It is ironic that the form of yoga packaged and popularized by the West is being put forward as a gift to the world from ancient India
Cricket, a wise man has quipped, was an Indian game the British discovered. Following this, it could be said that yoga is a series of postures for physical exercise conjured up in the United States of America that Indians have lately discovered. The purist and the scholar will arch their eyebrows at such a statement, and will point to an ancient text, the Yoga Sutra, written by Patanjali sometime in the third century AD. This text consists of 195 opaque aphorisms whose meanings are obscure to all save the specialist Sanskritists. There are other claims made by those who champion the ancientness of yoga. One claim says that yoga existed in pre-Vedic times: witness the figure of a man on some Harappan seals seated in the lotus position - a basic position for the practitioners of yoga. Another claim draws attention to the use of the word, yoga, in the Rig Veda, the oldest Sanskrit text dating back to circa 1500 BC. An adjunct to this claim is the occurrence of the word in a few passages of the early Upanishads. The ancient lineage of yoga as a form of praxis to fuse together the mind and the body is indeed vast and seemingly indisputable.
Yet, some significant questions refuse to go away. That figure on the seal of the Indus Valley Civilization - is he just sitting in a way that some people do, or is he practising padmasana? More importantly, and this concerns the various Sanskrit texts from the Rig Veda to the Upanishads to the Yoga Sutra of Patanjali, how many people actually read the texts and deciphered their meaning, given that they were written in Sanskrit and often contained very complex meanings? Some of them do not even mention the postures associated with the practice of yoga.

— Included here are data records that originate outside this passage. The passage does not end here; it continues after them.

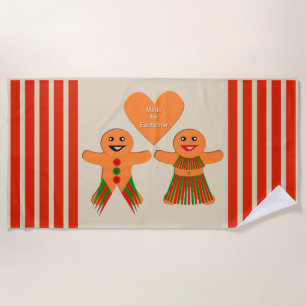 Cute Christmas Gingerbread Couple Beach Towel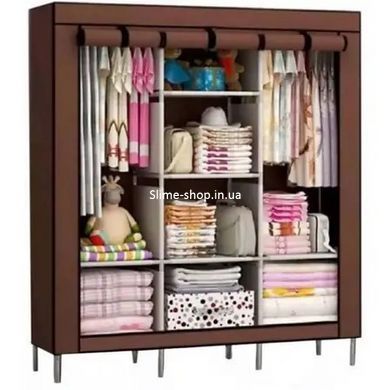 Шкаф тканевый 3 секции складной с каркасом STORAGE WARDROBE 175 х 130 х 45 см. JG-338 Цвет: коричневый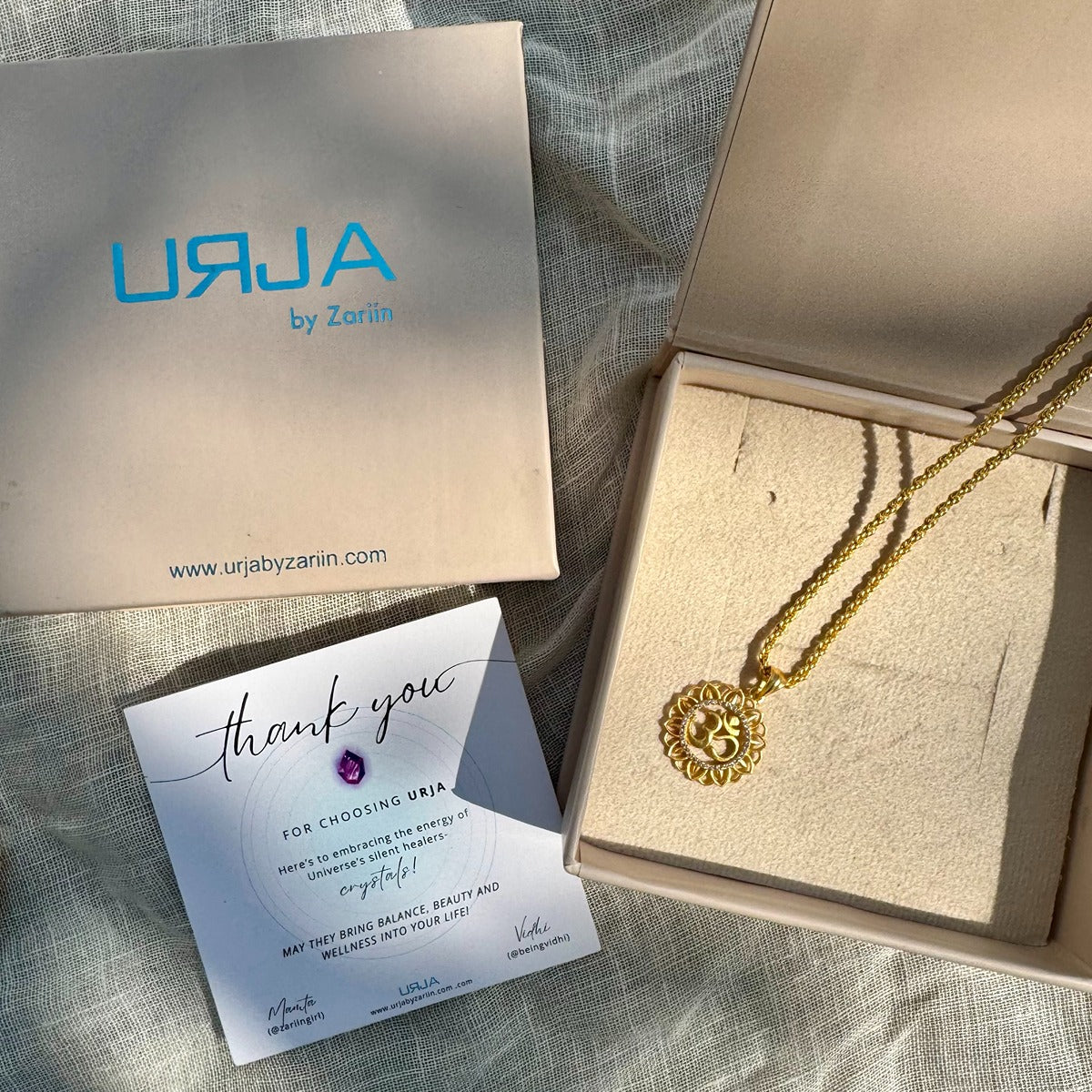 Glory of Om Pendant Necklace with Cubic Zircons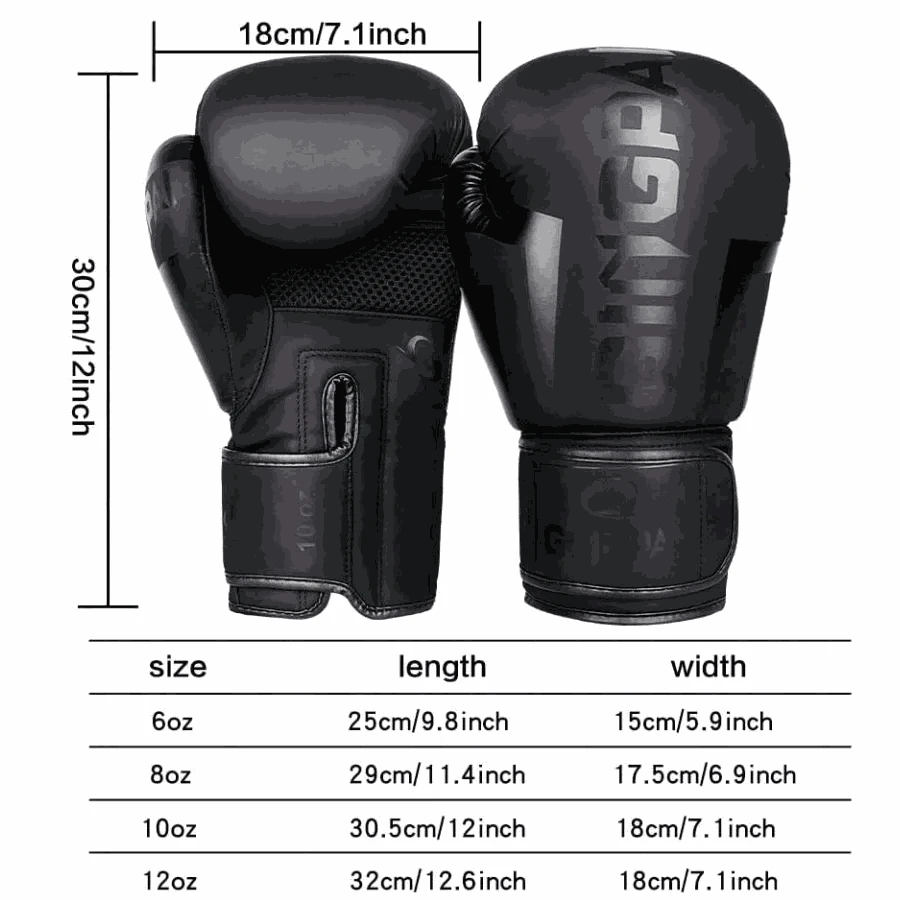 PU Leather Boxing Gloves for Training-No.1 all black / 12oz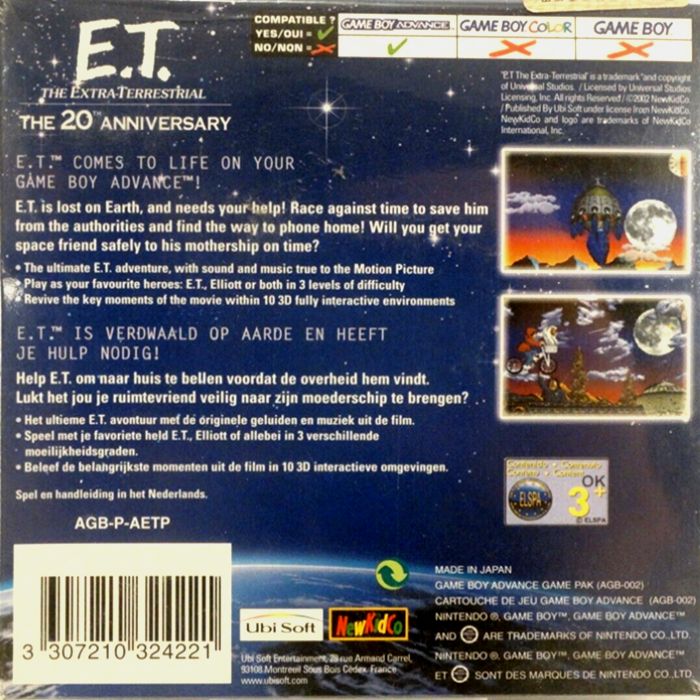 E.T. The 20th Anniversary — Box back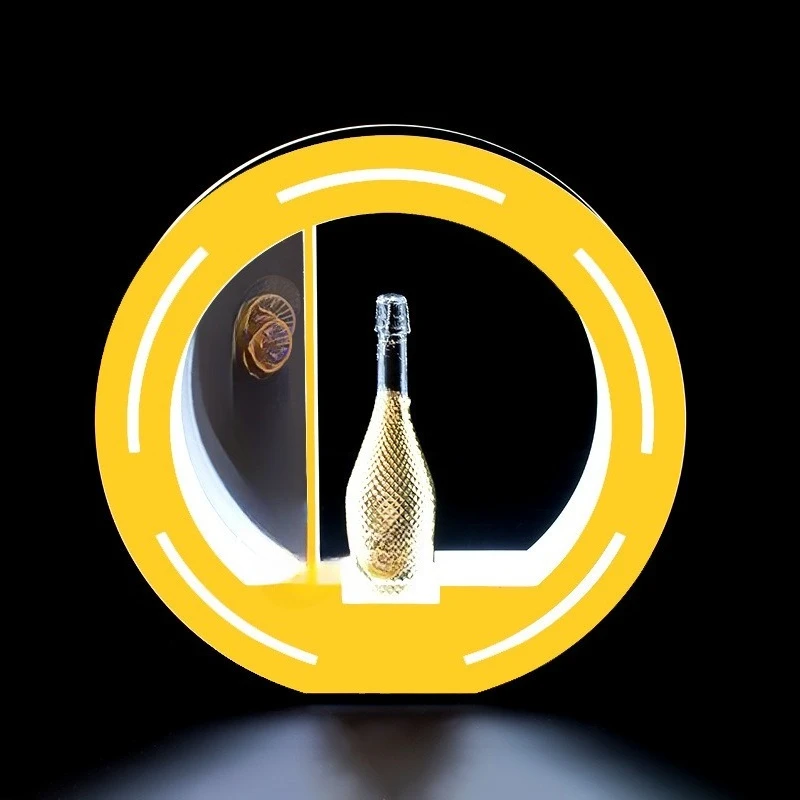 

Bar Luminous Wine Rack LED Round Champagne Display Rack Wine Seat Charging Wine Seat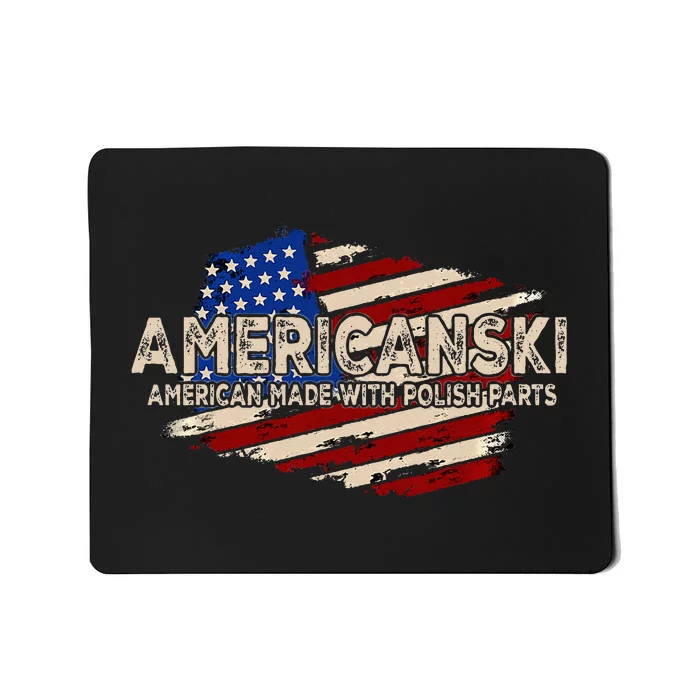 Americanski American Made With Polish Parts USA Flag Mousepad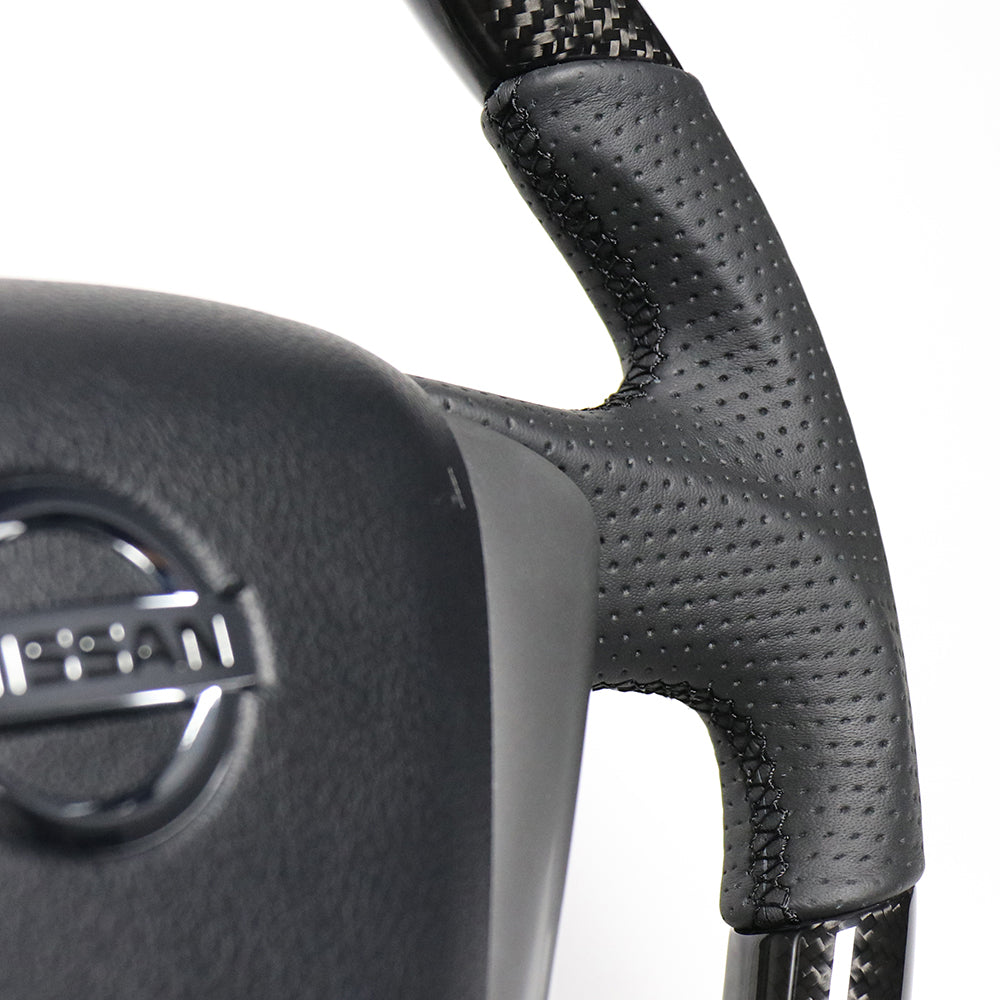 REAL ORIGINAL SERIES SOFT D SHAPE BLACK CARBON BLACK EURO STITCH STEERING WHEEL FOR NISSAN MURANO Z51  NSC-BKC-BK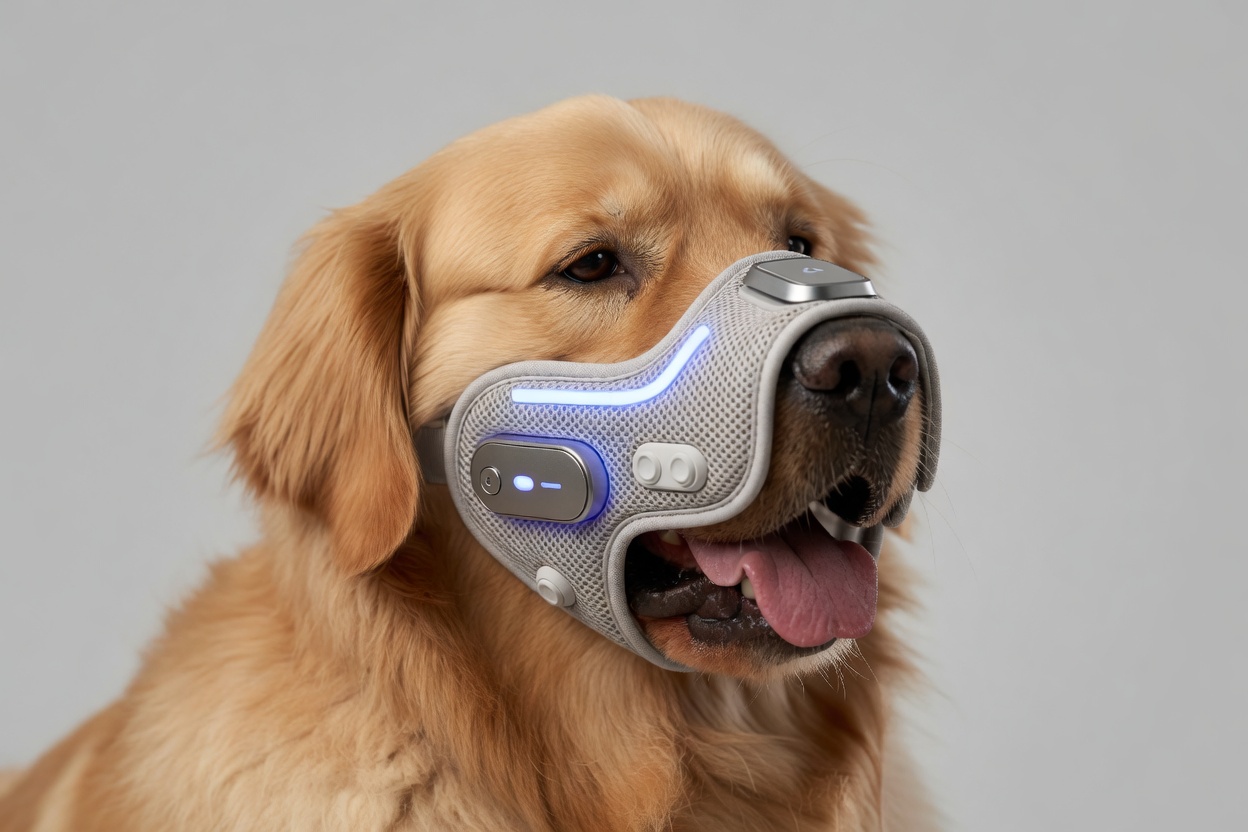Dog wearing the HushPaw muzzle in silver mesh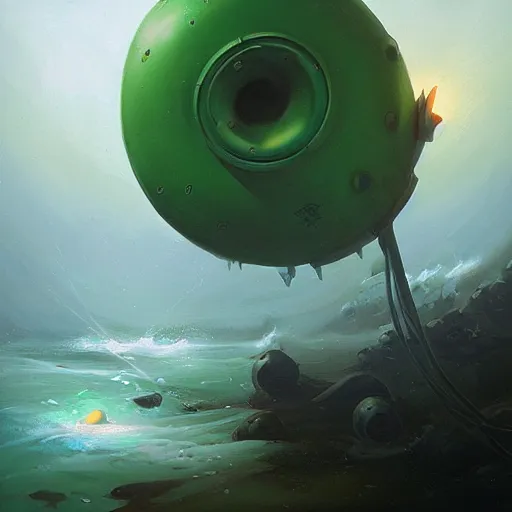 Prompt: a green buoy by Peter Mohrbacher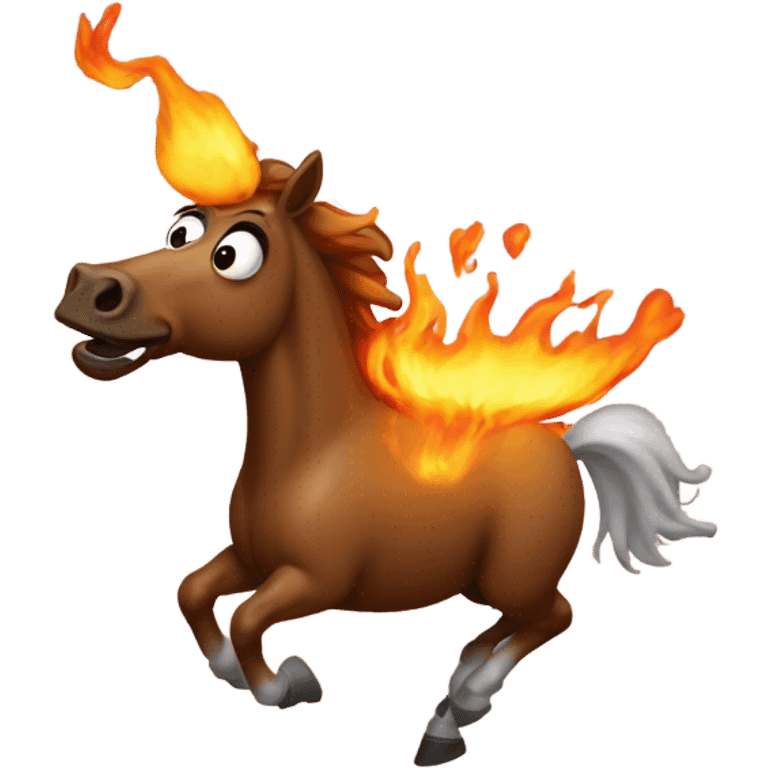 Flaming poop riding a horse emoji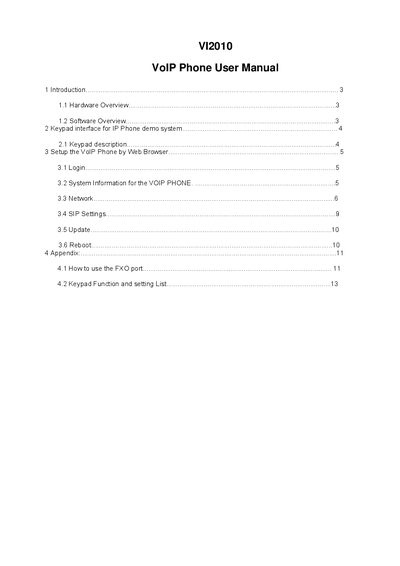 VI2010 VoIP Phone User Manual - cover page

Yoga as a series of postural exercises and techniques of breathing - asana and pranayam - is of relatively recent origin going back to the 19th century, which caught on in the US with the growth of awareness regarding lifestyle ailments and of alternative modes of treatment and management of these ailments. The cult of yoga in the US and in the West 'democratized' yoga by moving it beyond the sacred preserve of a select and initiated band of high-caste and Sanskrit-knowing Hindu males. It is this 'democratized' yoga that has caught on in urban India thanks to teachers like B.K.S. Iyengar and mushrooming centres of the Bihar School of Yoga.
The funny and ironic thing is that the government of Narendra Modi is trying to position the yoga of postural exercises and breathing techniques as a great contribution of ancient India to the world. Mr Modi and his ilk are clearly oblivious of what the ancient Sanskrit texts - from the Rig Veda to the Yoga Sutra - meant by yoga and its profound philosophical implications. Thus a 19th-century construction packaged and popularized in the West is being put forward as a gift of ancient India. It is funny to think of the 19th century as "ancient India". Perhaps this is no reason for lament, since more risible claims have been made on behalf of ancient India.